# [Listed records]
= = = = =

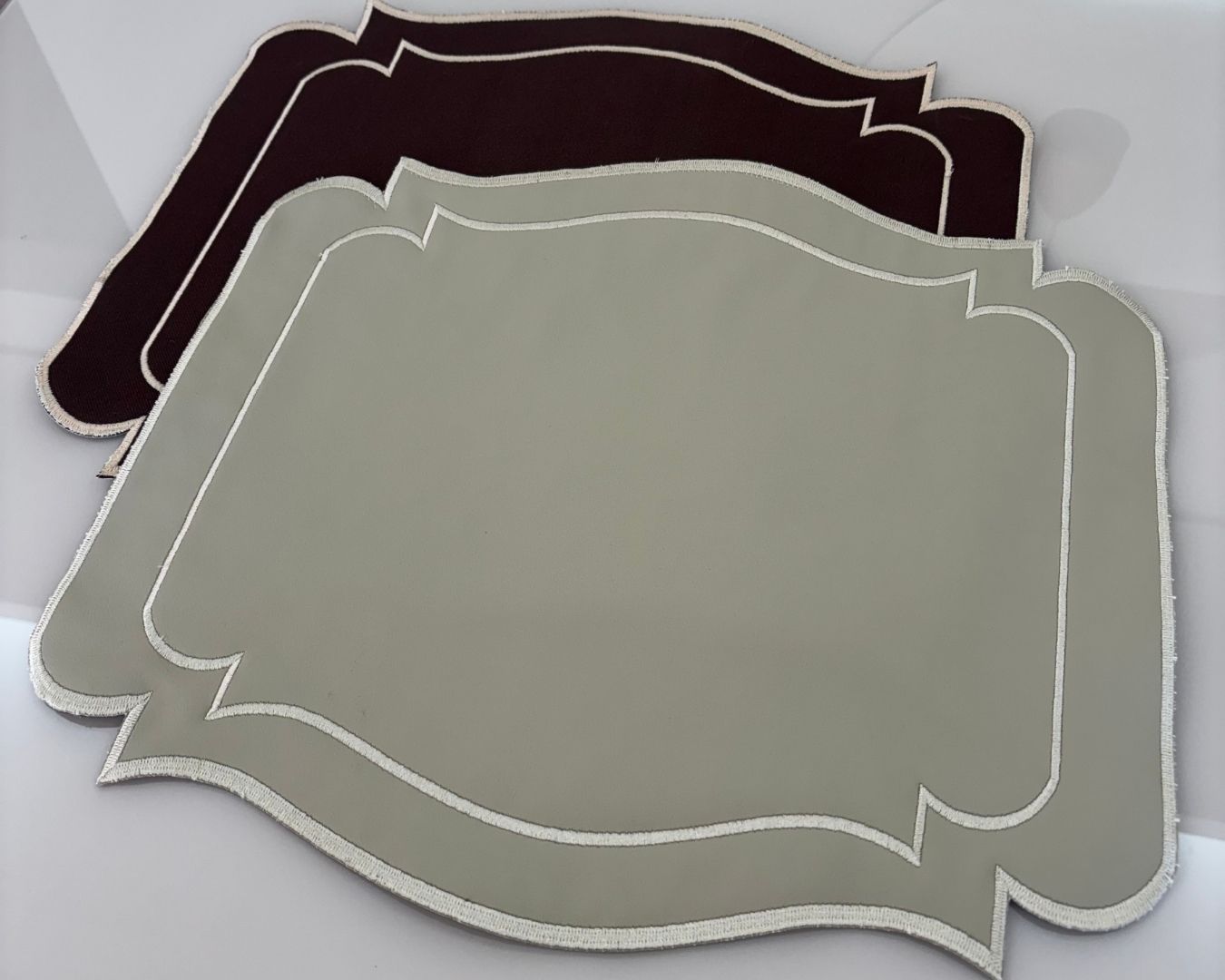 Lugar Americano Classic Corino - 2 faces - bege e marrom com bordado champanhe - Imagem 2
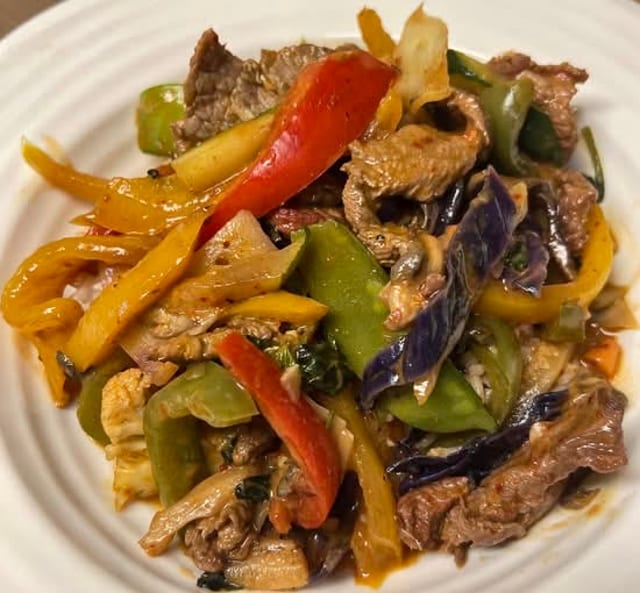 Beef Pad Phet. Curry.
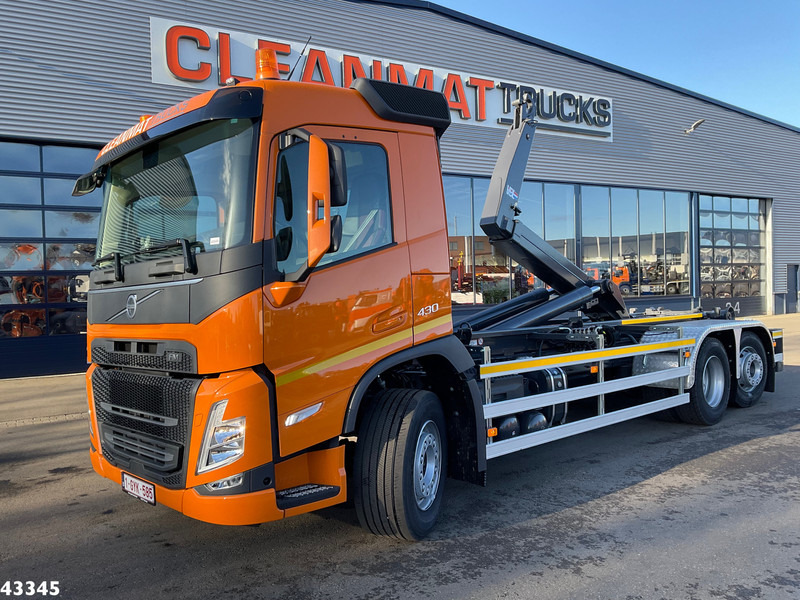 Volvo FM 430 Euro 6 VDL 21 Ton haakarmsysteem - Horgos rakodó teherautó: 1 kép. Volvo FM 430 Euro 6 VDL 21 Ton haakarmsysteem - Horgos rakodó teherautó: 1 kép.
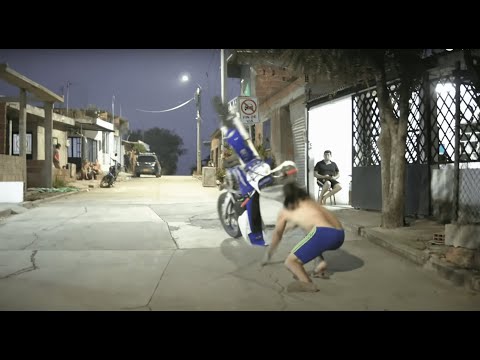 ZARCO DAMAGES YZ 250 MOTORCYCLE DOING STUNTS 😱😨😰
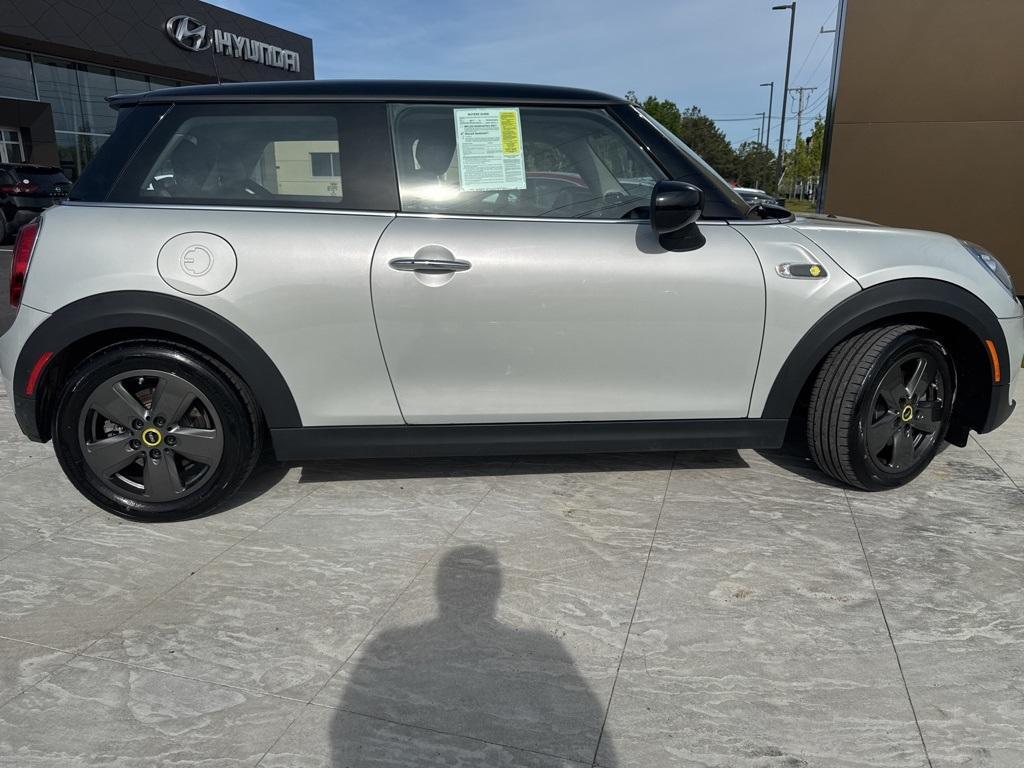 used 2021 MINI SE Hardtop car, priced at $22,898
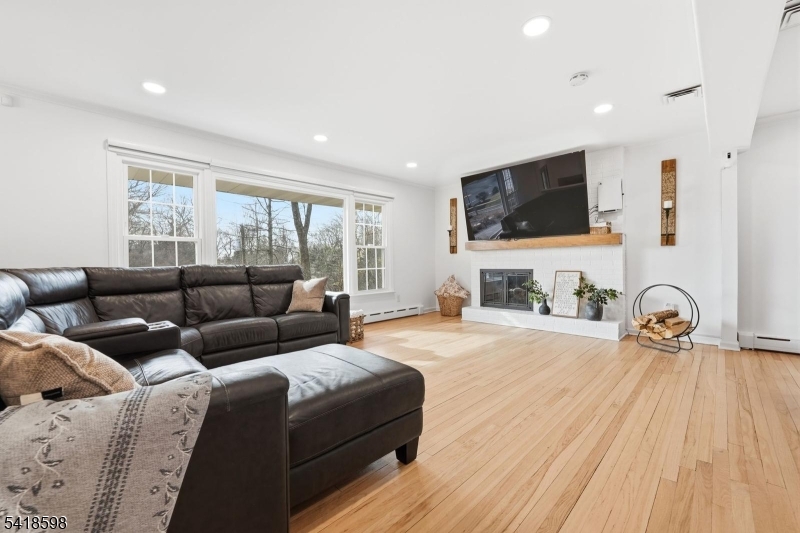 1474 Deer Path Mountainside, NJ 07092 - Photo 15 of 36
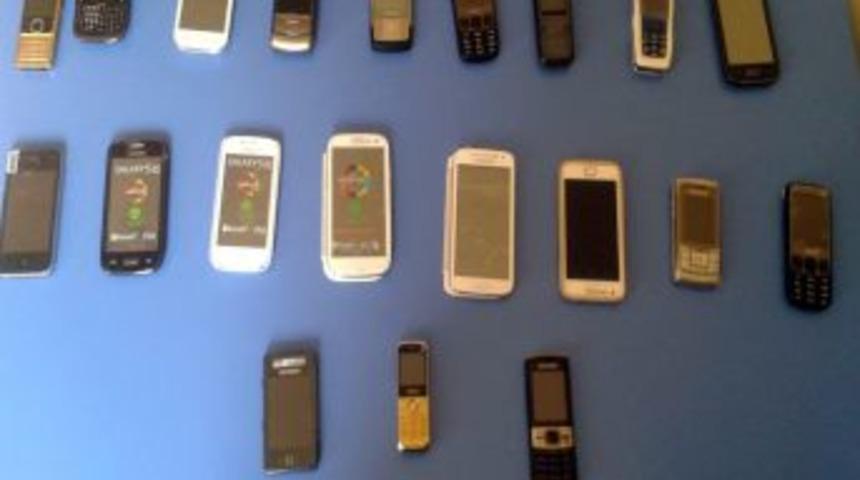 Polis Ka&ccedil;ak Telefon Avında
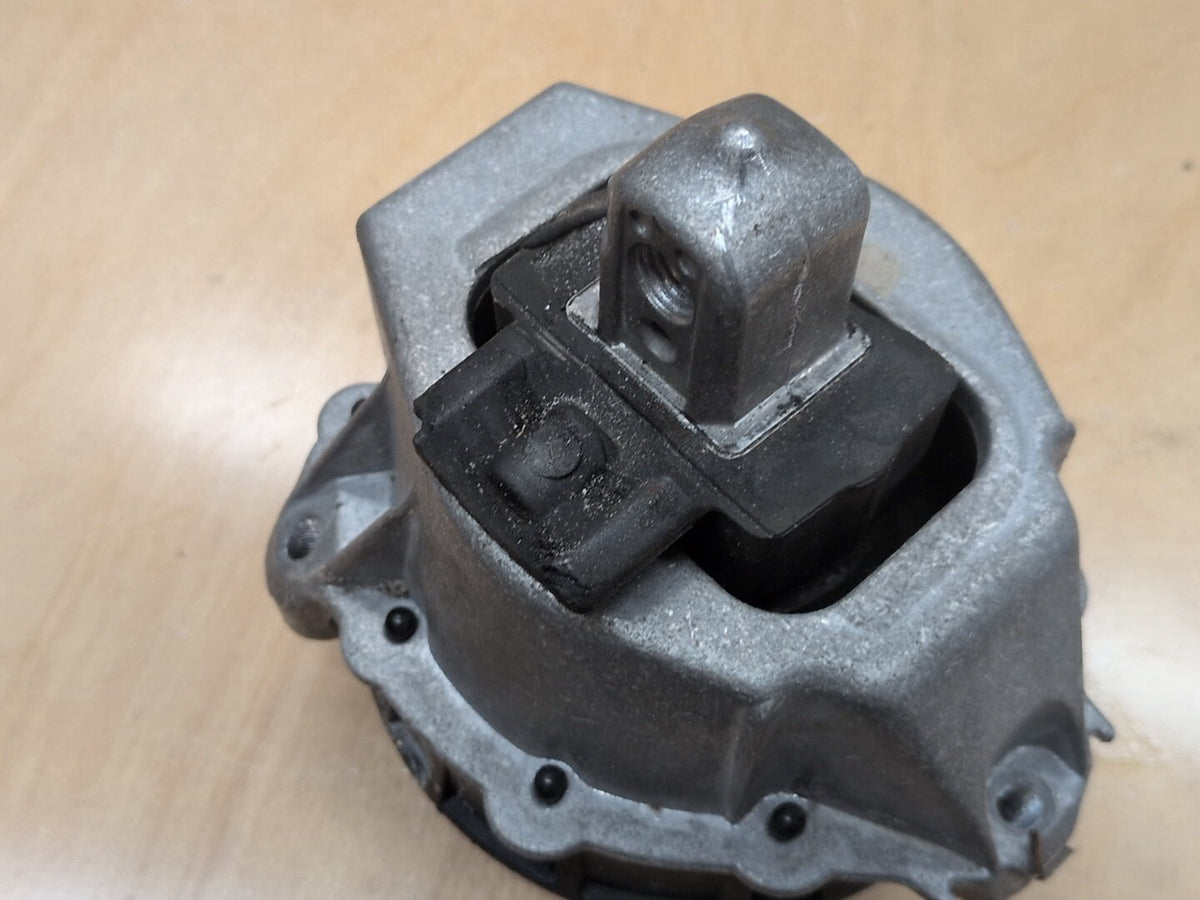 2022-2026 BMW G26 430i B46B20O1 Left Driver Engine Bracket Support Mount 7581617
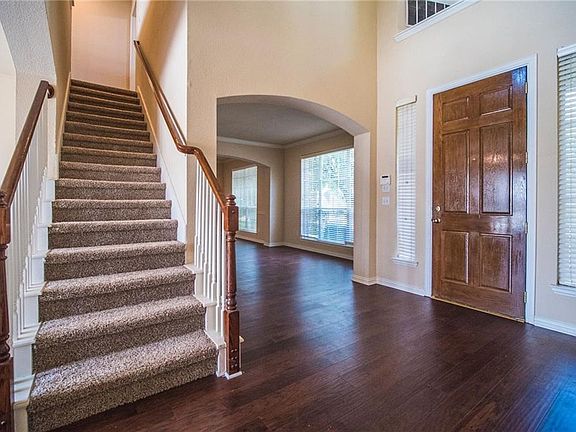 2nd image of 5609 White Pine Dr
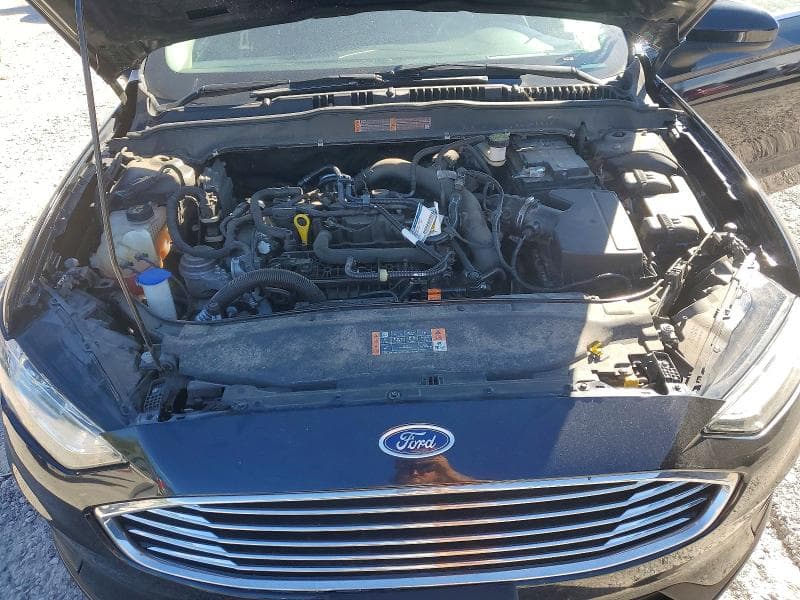 2020 FORD FUSION SE 11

= = = = =

# [Task instructions]
Leave the pictures out and print every record exactly.

# [Finished task]
 Lugar Americano Classic Corino - 2 faces - bege e marrom com bordado champanhe - Imagem 2
 Beef Pad Phet. Curry.
 Volvo FM 430 Euro 6 VDL 21 Ton haakarmsysteem - Horgos rakodó teherautó: 1 kép. Volvo FM 430 Euro 6 VDL 21 Ton haakarmsysteem - Horgos rakodó teherautó: 1 kép.
 ZARCO DAMAGES YZ 250 MOTORCYCLE DOING STUNTS 😱😨😰
 used 2021 MINI SE Hardtop car, priced at $22,898
 1474 Deer Path Mountainside, NJ 07092 - Photo 15 of 36
 Polis Ka&ccedil;ak Telefon Avında
 2022-2026 BMW G26 430i B46B20O1 Left Driver Engine Bracket Support Mount 7581617
 2nd image of 5609 White Pine Dr
 2020 FORD FUSION SE 11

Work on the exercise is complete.